If you examine your $HOME/mywget directory, you should find a new directory named wget-1.12-root. This directory is the proxy for the target destination. You should also find a new directory named RPMS/i386, which should in turn contain your RPM, named wget-1.12-1.i386.rpm. The name of the RPM reflects that this is wget version 1.12 for the i386 processor.

To verify that the RPM contains the proper files, you can use the rpm command, as shown in Listing 4.

Listing 4. Verifying the RPM contents
$ rpm ‑Vp RPMS/i386/wget‑1.12‑1.i386.rpm
missing     /usr/local/bin/wget
.M....G.    /usr/local/etc
missing   c /usr/local/etc/wgetrc
.M....G.    /usr/local/share
missing     /usr/local/share/info
missing   d /usr/local/share/info/
missing     /usr/local/share/locale
missing     /usr/local/share/locale/be
missing     /usr/local/share/locale/be/LC_MESSAGES
missing   d /usr/local/share/locale/be/LC_MESSAGES/

The command rpm -Vp RPMS/i386/wget-1.12-1.i386.rpm verifies the package against the files on the system. Although there are seemingly lots of errors, each is a clue that the contents of the RPM file are correct. If you are expecting a file to be installed and it does not appear in the output, it was not included in the package. In that event, review the spec file and make sure the file is enumerated in the %files section.

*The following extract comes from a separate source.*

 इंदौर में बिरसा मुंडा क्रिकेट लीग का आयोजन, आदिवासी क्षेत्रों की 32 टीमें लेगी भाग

After you’ve verified the RPM, you can distribute the file to coworkers. Once your colleagues receive the file, they should run rpm to install wget on their own systems:

$ sudo rpm ‑i wget‑1.12‑1.i386.rpm

Other uses for RPM

This brief introduction merely scratches the surface of what’s possible with RPM. Although it is most often used to install software and attendant files, you can package most anything, from system scripts to source code to documentation. And as you’ll see in the second installment of this series, you can also use RPM to patch source code as well as rebuild and reinstall software. The RPM distribution format is found on many Linux systems and is the preferred method to install binary software on Red Hat and Fedora systems, among others.

If you build it and package it with RPM, they will come.